Pledgemusic’s CEO Benji Rogers has a great head on his shoulders (read this incredible interview with him), and the company recently decided to start its own “record label” and “sign” their first artist, The Damnwells.
The reasons I put “record label” and “sign” in quotes is because I’m not so sure that they’ve done either of those things, despite what others have been claiming.
Over at hypebot, Kyle Bylin (@kbylin) writes:
“…the band will retain all rights, ownership, and publishing. In turn, Pledgemusic Recordings will provide the group with the guidance and expertise that they may have traditionally looked to a label for.”
Traditionally, that sounds a lot like a management/marketing/PR hybrid-type company to me, not record label. Most big record labels are basically banks that give loans to artists to record music, in exchange for some kind of equity like part of their publishing rights. Pledgemusic approaches that aspect of the business similarly with their funding projects, but the underlying motivations to fund an artist on Pledgemusic are much different than the motivations of a traditional record label giving an artist an advance.

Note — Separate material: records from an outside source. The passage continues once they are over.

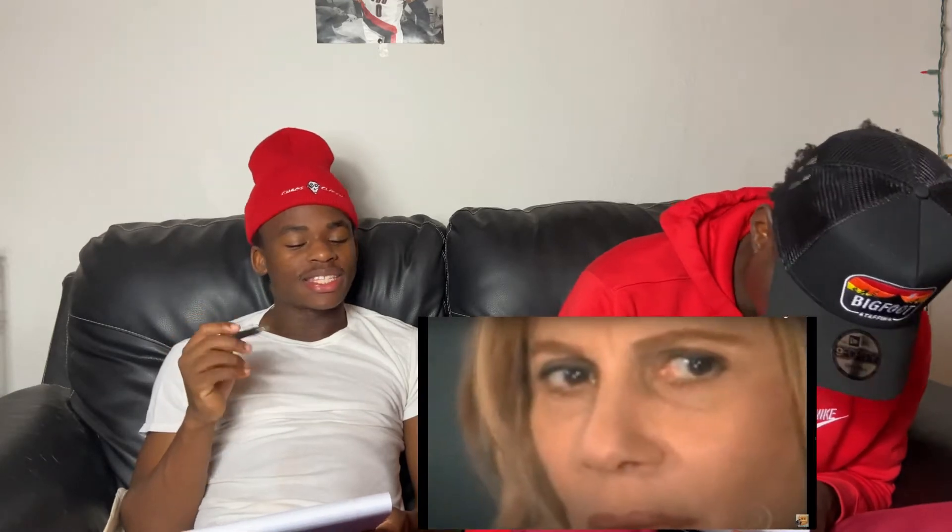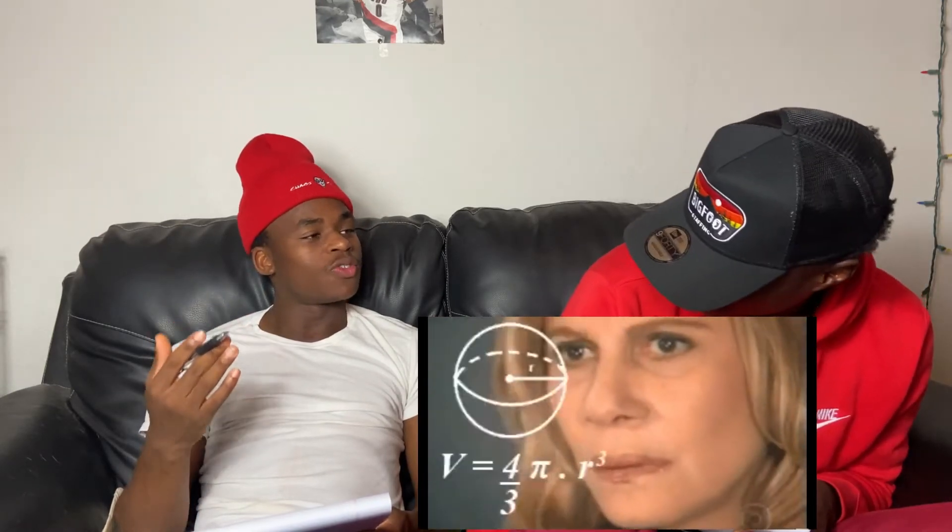Nine minus three divided by one-third plus one. I'll break down how I do my math. Nine minus three equals six, and then six divided by one-third — I assume that equals four — and then four plus one equals five.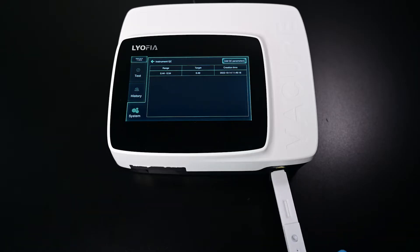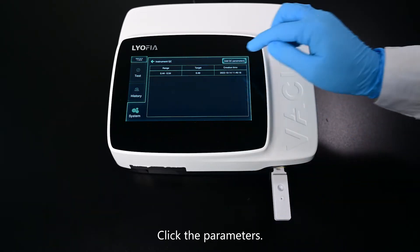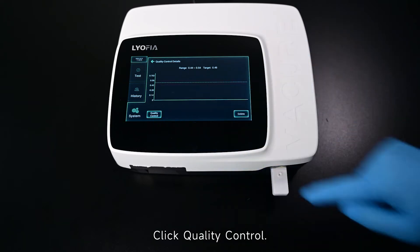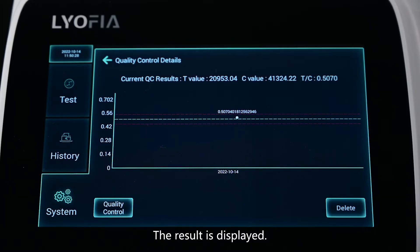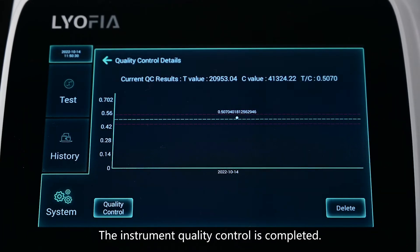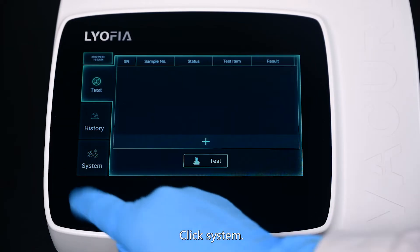Insert the QC card, click the parameters, and click Quality Control. The result is displayed. The instrument quality control is completed. Click System.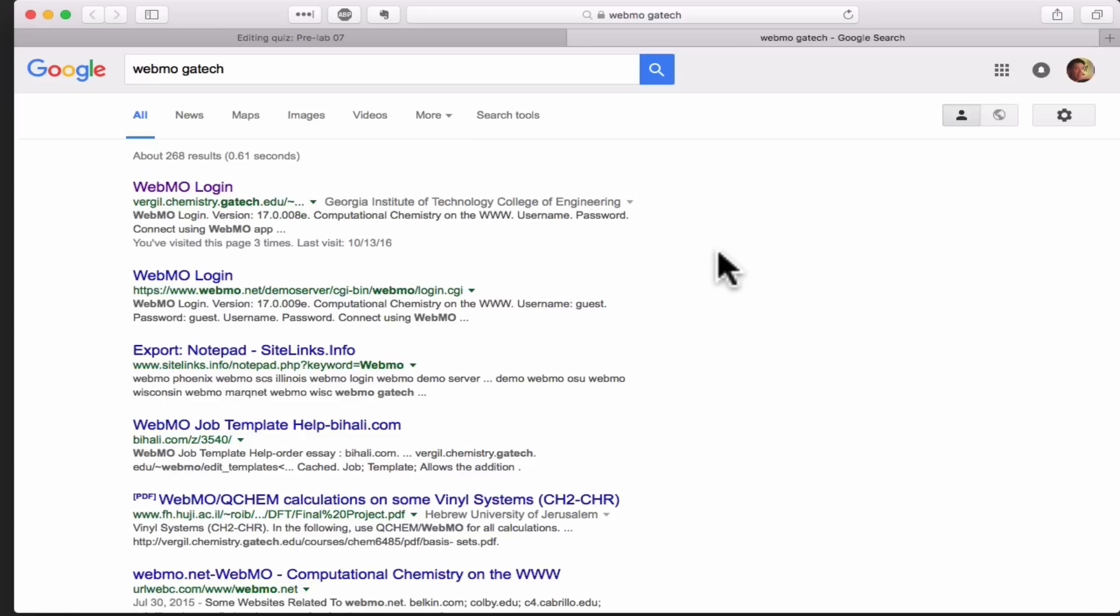Our distribution of WebMO was upgraded in fall 2016, so I want to go through a quick tutorial in the new version to show you how to build a molecule, optimize its geometry, and examine its molecular orbitals. We're going to look at the example of formate anion.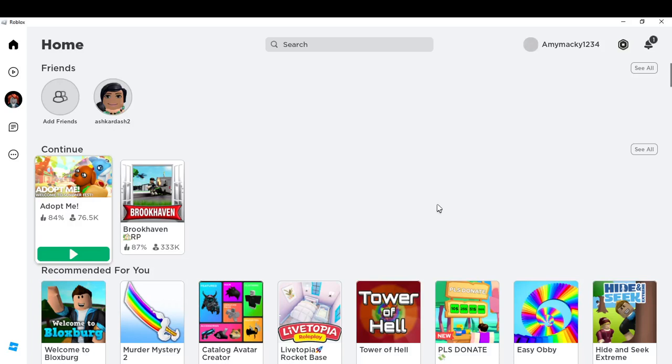Hello, in this tutorial I'll show you how to join friends and other players in Roblox. The first thing I'd like you to do is go ahead and launch your Roblox app.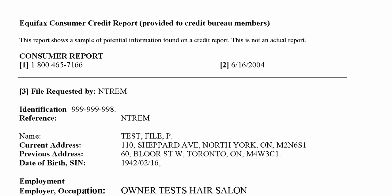What we're looking at now is the Equifax Consumer Credit Report. This is the report that as a mortgage professional you will be obtaining on your client. This particular report is a sample of potential information found in an Equifax credit report — it's not an actual credit report, but one that Equifax uses for training purposes.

Some people expressed similar thoughts in the comments section on the hypebot post, including Benji himself who provided some further insight on the matter:
“It means that Pledgemusic are paying for the marketing and promotion of the record and have set up distribution, time lined a release schedule and are doing all that we need to to make sure that this amazing album gets heard by the most amount of people that it possibly can. We have set up the deal so that both parties can make a living from the recordings and in keeping with PledgeMusic’s overall philosophy, to insure that all parties involved can win.”
This is an interesting position that Pledgemusic is placing itself in the music industry. They have already proven that their model works for 77% artists that try to fund a project, which is a very impressive number. Now, they are offerring some of those artists additional services like management, marketing, and promotion. Yet, they do not take any rights away from the artist.
Do you think a company operating with this kind of business model can survive in today’s music industry? It definitely won’t be an easy task, that’s for sure, but I commend Benji for trying something new and different, because that’s what today’s music industry is about – experimenting and figuring out what works and what doesn’t.